Don’t Like “Obamacare”? Advocate Something Better, Like Medicare For All

A New York Post column (“The 49ers“) laments the potential job losses as a result of full implementation of “Obamacare.” The use of the term “Obamacare” in place of “Affordable Care Act” should be your first tip-off of what’s to come. The article’s author is Michael Tanner, a senior fellow at the Cato Institute, which is a libertarian think tank. That should be your second tip-off.

The crux of the problem that Tanner focuses on is the Affordable Care Act rule that mandates companies with 50 or greater employees provide health benefits.

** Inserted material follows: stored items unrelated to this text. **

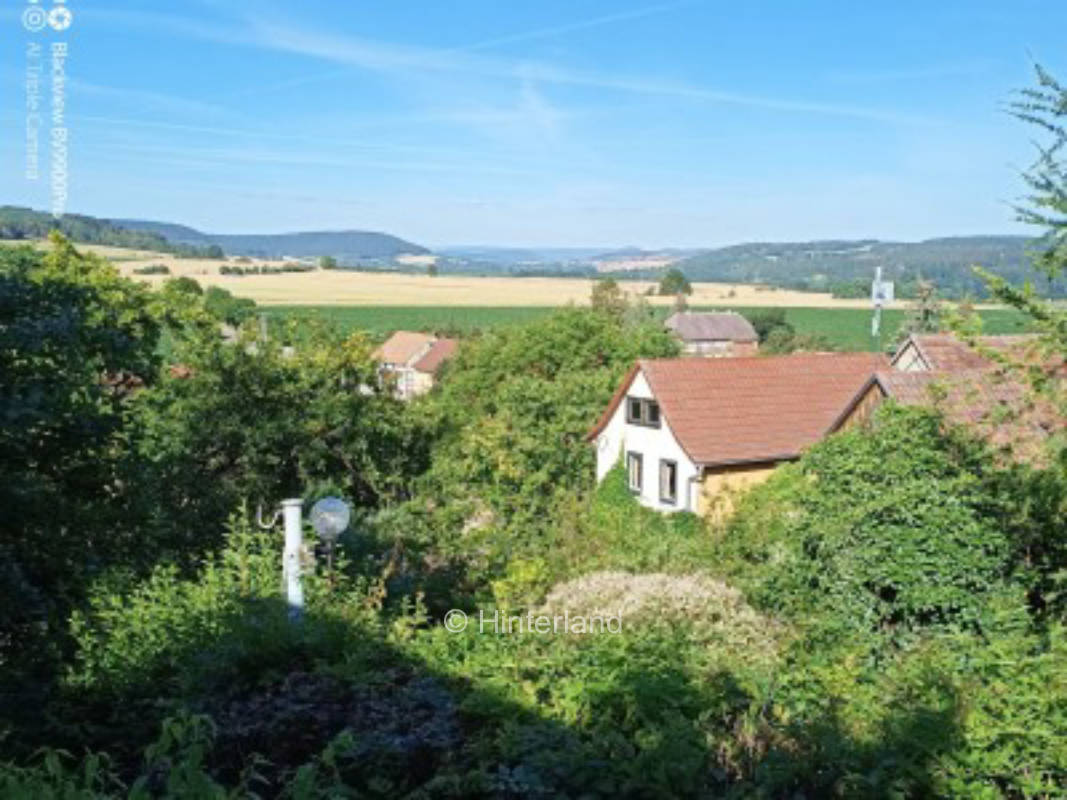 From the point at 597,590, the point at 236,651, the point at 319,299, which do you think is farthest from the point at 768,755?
the point at 319,299

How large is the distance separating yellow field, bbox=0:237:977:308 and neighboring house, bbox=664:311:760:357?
23.4 ft

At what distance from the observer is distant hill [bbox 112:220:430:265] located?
426 ft

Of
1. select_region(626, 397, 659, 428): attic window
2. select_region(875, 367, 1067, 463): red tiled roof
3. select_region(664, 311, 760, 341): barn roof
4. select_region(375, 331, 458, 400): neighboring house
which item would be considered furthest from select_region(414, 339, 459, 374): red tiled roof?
select_region(875, 367, 1067, 463): red tiled roof

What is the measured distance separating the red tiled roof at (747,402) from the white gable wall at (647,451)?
0.32 meters

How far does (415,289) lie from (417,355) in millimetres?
45081

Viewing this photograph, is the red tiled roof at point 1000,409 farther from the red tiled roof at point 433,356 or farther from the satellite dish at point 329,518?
the red tiled roof at point 433,356

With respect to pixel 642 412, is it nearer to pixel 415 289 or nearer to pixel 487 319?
pixel 487 319

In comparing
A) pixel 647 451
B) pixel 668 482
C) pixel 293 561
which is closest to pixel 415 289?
pixel 647 451

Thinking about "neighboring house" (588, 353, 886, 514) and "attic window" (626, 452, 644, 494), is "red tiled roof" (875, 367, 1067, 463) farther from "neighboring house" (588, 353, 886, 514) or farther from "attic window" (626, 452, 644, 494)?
"attic window" (626, 452, 644, 494)

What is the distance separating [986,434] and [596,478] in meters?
17.1

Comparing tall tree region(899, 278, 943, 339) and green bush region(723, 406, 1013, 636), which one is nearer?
green bush region(723, 406, 1013, 636)

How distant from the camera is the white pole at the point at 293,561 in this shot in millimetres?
6047

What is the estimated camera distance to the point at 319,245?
17200 cm

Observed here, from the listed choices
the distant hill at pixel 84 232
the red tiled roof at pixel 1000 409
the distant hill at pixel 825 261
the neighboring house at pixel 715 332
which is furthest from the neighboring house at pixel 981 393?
the neighboring house at pixel 715 332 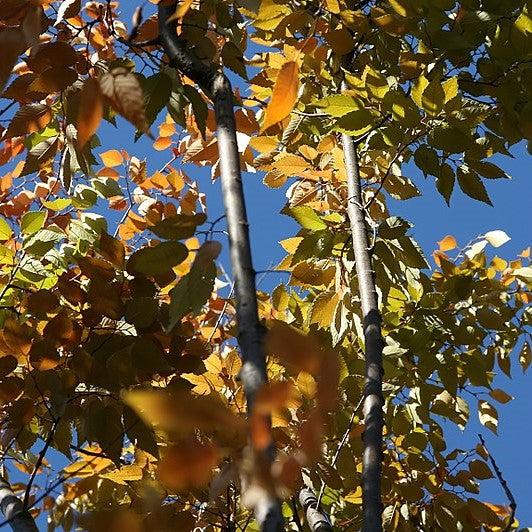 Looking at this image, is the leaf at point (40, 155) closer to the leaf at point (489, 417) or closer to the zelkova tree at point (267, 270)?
the zelkova tree at point (267, 270)

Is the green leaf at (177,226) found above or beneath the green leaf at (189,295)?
above

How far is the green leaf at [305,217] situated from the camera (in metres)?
2.01

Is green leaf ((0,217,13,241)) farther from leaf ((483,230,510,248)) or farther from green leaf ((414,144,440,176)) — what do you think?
leaf ((483,230,510,248))

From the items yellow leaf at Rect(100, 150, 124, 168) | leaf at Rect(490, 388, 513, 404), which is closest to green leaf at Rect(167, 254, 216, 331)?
yellow leaf at Rect(100, 150, 124, 168)

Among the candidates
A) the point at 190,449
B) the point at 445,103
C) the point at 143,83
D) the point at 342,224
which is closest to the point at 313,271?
the point at 342,224

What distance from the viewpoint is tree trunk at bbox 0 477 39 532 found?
163 cm

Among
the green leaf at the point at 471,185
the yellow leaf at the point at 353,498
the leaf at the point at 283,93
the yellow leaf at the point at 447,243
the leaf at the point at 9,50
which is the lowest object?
the yellow leaf at the point at 353,498

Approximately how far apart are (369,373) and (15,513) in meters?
0.84

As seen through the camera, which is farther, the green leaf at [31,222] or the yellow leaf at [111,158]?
the yellow leaf at [111,158]

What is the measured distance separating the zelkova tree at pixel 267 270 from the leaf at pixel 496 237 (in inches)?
0.5

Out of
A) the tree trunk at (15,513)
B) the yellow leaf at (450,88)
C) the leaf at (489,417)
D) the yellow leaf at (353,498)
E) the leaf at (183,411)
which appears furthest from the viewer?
the leaf at (489,417)

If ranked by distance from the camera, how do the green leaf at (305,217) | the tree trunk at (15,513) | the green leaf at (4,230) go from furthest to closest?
1. the green leaf at (4,230)
2. the green leaf at (305,217)
3. the tree trunk at (15,513)

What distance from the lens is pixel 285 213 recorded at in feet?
6.68

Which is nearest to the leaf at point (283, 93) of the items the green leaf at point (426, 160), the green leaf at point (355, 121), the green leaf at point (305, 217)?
the green leaf at point (355, 121) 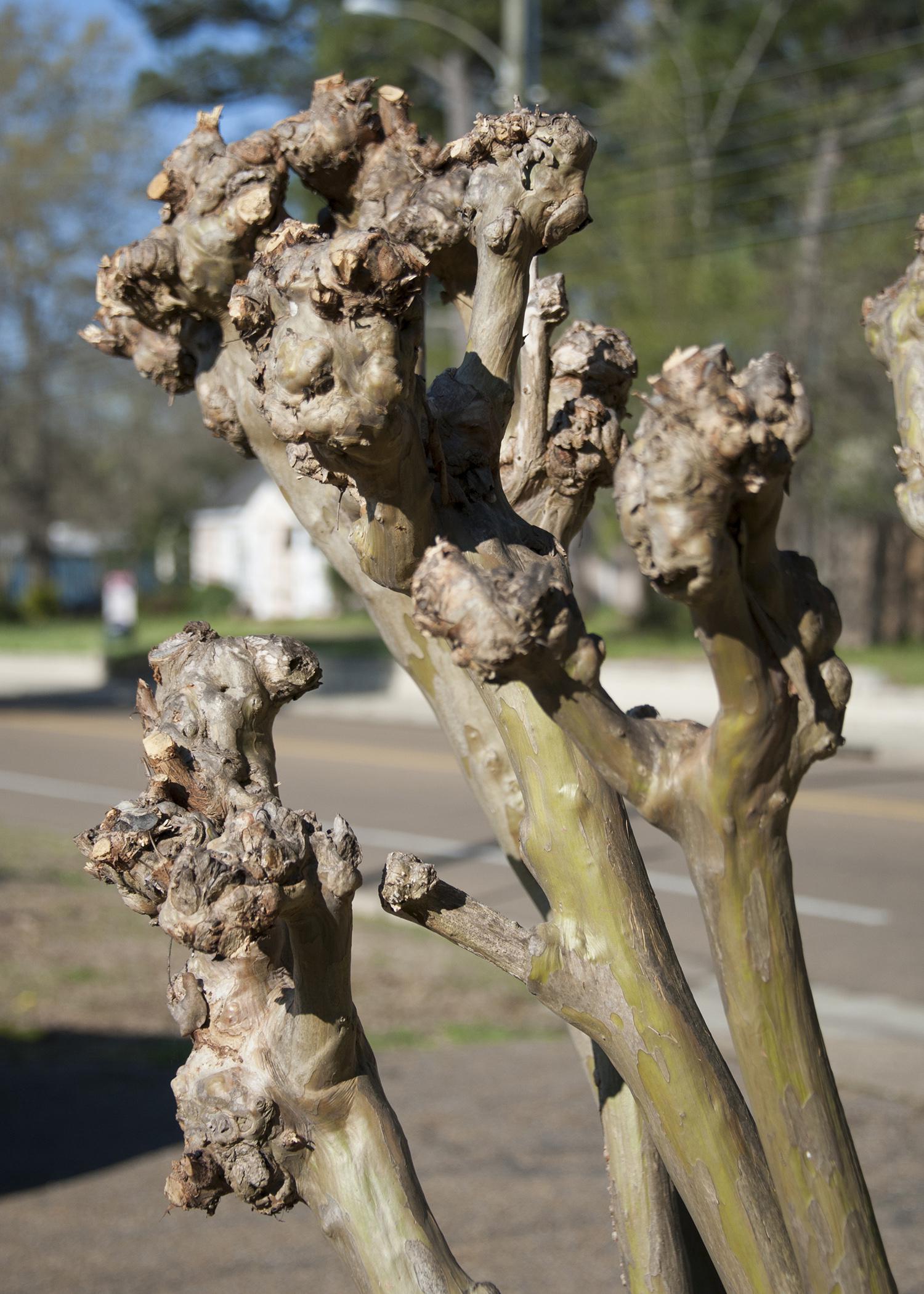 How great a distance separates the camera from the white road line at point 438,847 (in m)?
8.13

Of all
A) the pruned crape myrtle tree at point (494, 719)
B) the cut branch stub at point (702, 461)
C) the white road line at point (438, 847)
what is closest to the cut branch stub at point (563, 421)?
the pruned crape myrtle tree at point (494, 719)

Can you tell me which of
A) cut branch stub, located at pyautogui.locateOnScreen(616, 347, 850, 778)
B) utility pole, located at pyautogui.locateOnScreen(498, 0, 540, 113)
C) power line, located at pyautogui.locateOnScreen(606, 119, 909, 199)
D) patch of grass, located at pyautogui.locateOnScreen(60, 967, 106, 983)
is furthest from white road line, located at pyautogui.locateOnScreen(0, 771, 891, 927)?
power line, located at pyautogui.locateOnScreen(606, 119, 909, 199)

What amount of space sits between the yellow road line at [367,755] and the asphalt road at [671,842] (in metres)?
0.03

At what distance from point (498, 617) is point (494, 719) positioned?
0.41m

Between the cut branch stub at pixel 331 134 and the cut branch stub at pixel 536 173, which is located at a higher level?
the cut branch stub at pixel 331 134

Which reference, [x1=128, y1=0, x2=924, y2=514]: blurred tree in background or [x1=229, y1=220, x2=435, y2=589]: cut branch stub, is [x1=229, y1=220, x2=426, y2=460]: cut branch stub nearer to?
[x1=229, y1=220, x2=435, y2=589]: cut branch stub

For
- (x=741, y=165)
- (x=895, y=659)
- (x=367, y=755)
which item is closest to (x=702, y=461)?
(x=367, y=755)

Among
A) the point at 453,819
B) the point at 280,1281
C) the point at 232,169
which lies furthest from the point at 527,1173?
the point at 453,819

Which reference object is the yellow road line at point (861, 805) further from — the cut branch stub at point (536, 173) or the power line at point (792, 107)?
the power line at point (792, 107)

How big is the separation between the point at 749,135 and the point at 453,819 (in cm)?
1741

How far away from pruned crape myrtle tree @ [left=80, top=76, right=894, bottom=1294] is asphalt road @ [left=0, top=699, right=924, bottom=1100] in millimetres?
4346

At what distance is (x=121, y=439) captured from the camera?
4644 centimetres

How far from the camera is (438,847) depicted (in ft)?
32.3

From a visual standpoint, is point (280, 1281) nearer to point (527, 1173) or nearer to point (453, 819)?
point (527, 1173) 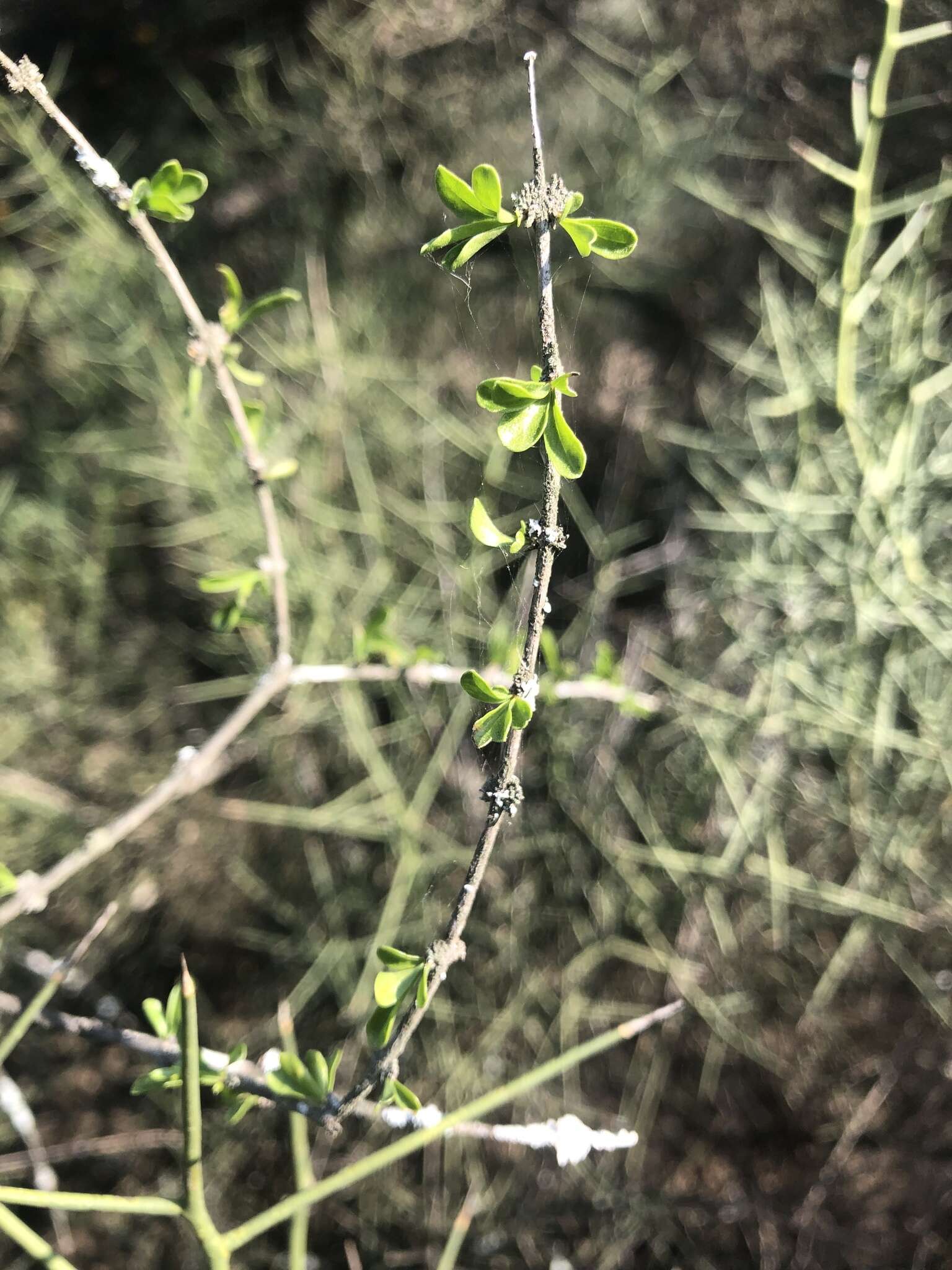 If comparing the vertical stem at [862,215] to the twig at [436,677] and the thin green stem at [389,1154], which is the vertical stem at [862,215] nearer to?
the twig at [436,677]

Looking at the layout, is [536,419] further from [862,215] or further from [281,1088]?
[862,215]

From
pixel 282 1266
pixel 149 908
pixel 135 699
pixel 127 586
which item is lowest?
pixel 282 1266

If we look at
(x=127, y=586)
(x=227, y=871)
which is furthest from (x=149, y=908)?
(x=127, y=586)

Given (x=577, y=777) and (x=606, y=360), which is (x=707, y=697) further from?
(x=606, y=360)

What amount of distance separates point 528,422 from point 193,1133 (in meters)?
0.25

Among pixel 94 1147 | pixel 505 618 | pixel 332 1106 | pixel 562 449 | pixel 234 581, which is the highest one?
pixel 562 449

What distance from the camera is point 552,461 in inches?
9.8

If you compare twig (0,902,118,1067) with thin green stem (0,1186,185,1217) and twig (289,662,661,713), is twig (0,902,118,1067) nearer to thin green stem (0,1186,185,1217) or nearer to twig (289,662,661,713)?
thin green stem (0,1186,185,1217)

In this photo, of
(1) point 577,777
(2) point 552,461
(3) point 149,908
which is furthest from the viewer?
(3) point 149,908

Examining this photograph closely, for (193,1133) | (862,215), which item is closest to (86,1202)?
(193,1133)

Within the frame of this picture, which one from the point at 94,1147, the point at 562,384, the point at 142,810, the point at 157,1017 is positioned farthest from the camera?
the point at 94,1147

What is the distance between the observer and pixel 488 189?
0.25 meters

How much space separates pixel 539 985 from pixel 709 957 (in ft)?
0.59

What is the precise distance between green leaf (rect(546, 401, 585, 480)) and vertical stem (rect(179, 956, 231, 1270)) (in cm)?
19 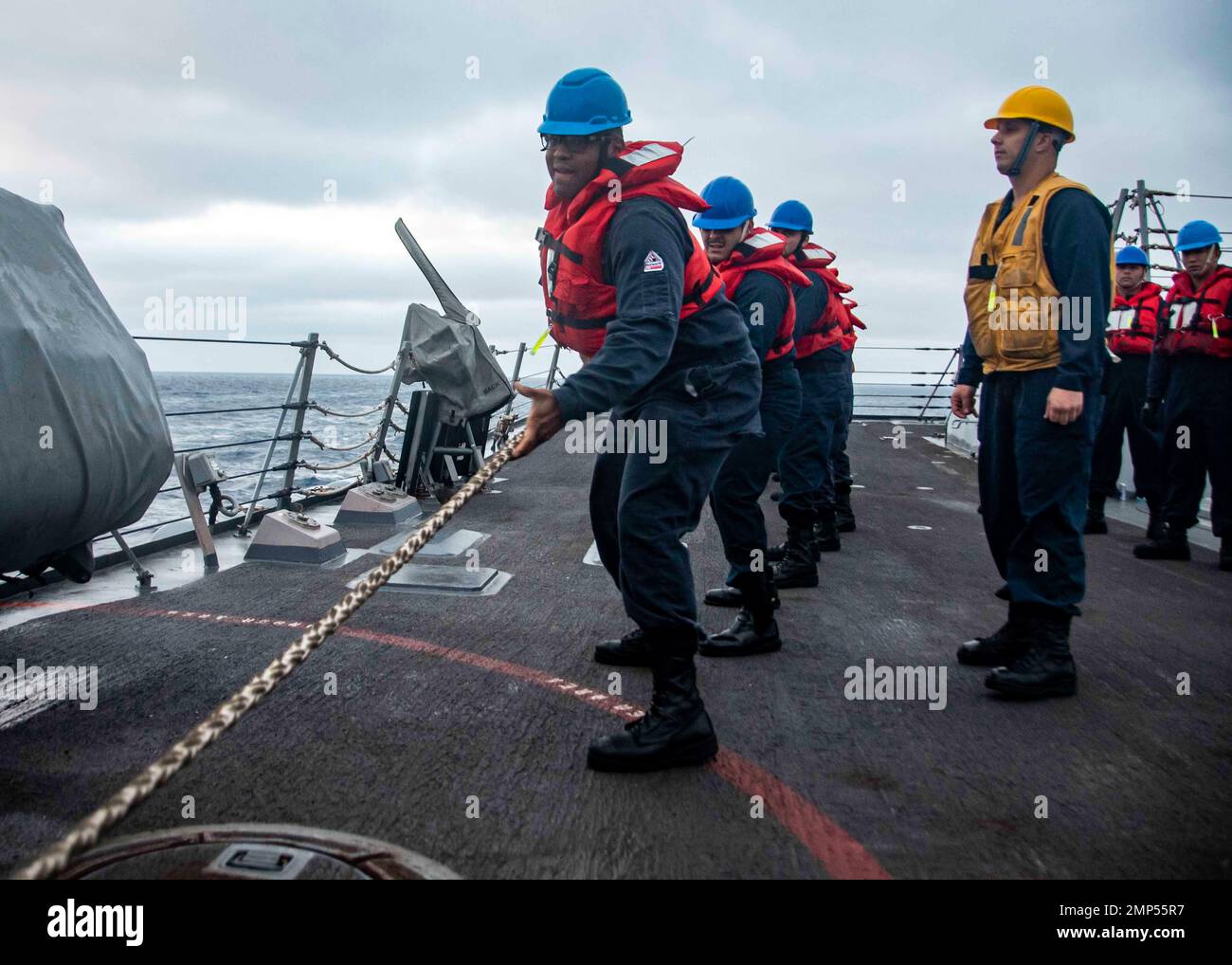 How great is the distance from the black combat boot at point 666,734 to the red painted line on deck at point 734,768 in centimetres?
10

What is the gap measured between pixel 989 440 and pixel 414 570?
320 cm

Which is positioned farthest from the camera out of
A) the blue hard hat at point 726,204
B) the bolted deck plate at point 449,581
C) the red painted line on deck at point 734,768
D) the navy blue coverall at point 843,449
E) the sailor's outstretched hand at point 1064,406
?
the navy blue coverall at point 843,449

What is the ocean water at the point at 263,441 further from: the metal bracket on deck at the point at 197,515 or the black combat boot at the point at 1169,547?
the black combat boot at the point at 1169,547

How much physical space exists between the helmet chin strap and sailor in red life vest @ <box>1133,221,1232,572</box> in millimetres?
3806

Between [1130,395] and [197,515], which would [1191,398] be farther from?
[197,515]

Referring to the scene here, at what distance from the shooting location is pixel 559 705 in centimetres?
345

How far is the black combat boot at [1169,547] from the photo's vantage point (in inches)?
270

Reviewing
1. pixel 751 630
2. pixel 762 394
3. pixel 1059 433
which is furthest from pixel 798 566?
pixel 1059 433

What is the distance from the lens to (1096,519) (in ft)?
26.6

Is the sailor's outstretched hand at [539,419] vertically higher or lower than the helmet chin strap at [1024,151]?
lower

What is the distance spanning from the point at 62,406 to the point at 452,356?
5619 mm

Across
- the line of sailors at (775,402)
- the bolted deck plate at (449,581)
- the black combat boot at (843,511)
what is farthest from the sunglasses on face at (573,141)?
the black combat boot at (843,511) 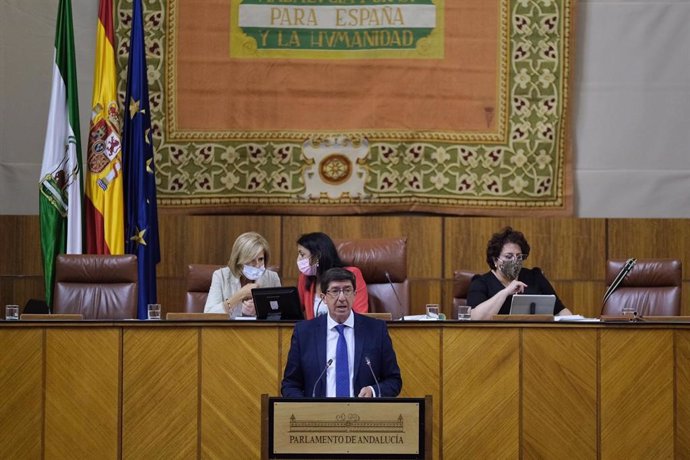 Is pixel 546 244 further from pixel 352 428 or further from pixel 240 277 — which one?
pixel 352 428

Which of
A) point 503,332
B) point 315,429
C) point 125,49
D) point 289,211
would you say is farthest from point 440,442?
point 125,49

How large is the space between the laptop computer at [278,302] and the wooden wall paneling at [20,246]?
2.63 meters

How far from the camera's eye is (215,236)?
7828mm

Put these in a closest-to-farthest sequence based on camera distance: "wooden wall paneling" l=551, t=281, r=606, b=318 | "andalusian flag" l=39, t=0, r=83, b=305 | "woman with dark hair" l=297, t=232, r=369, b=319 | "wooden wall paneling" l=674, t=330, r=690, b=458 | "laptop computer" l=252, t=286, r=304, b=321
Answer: "wooden wall paneling" l=674, t=330, r=690, b=458, "laptop computer" l=252, t=286, r=304, b=321, "woman with dark hair" l=297, t=232, r=369, b=319, "andalusian flag" l=39, t=0, r=83, b=305, "wooden wall paneling" l=551, t=281, r=606, b=318

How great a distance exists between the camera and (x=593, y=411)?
5523 millimetres

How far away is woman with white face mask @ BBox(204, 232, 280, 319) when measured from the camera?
20.7 feet

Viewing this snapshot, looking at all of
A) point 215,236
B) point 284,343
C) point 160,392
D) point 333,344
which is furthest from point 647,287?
→ point 160,392

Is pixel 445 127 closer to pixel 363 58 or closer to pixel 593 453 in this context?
pixel 363 58

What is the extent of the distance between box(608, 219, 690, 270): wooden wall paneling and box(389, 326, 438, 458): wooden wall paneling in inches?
104

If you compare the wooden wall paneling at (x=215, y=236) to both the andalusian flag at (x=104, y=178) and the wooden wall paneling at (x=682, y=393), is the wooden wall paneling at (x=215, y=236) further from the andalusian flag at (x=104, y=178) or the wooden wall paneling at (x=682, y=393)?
the wooden wall paneling at (x=682, y=393)

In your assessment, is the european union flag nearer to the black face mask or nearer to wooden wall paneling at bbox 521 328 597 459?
the black face mask

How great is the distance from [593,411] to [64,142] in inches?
148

Under the circumstances, how likely is the company to hire that 50th worker? Or, if a company already has 50 workers, isn’t the company likely to lay off one employee? Or cut hours and make some employees part time, thus getting under the 50 employee cap? Indeed, a study by Mercer found that 18% of companies were likely to do exactly that. It’s worth noting that in France, another country where numerous government regulations kick in at 50 workers, there are 1,500 companies with 48 employees and 1,600 with 49 employees, but just 660 with 50 and only 500 with 51. – The 49ers

Indeed, this sounds like it could be an issue, but not because of the Affordable Care Act. No, it’s that employers cannot be trusted to do right by their employees. Tanner’s argument assumes that all companies are strapped for cash and are unable to extend health benefits to their employees. That may be true in some cases, and it may not be true in other cases. Tanner’s argument that Obamacare is bad because companies will react by firing employees seems like the foundation of a movement; one that advocates taking health care insurance decisions out of the hands of employers altogether. If we cannot build a true universal health care  system while employers are part of the equation, then why not remove them from the process? I say we take that burden away from employers and we focus our efforts on extending true universal health care to all citizens — Medicare for all.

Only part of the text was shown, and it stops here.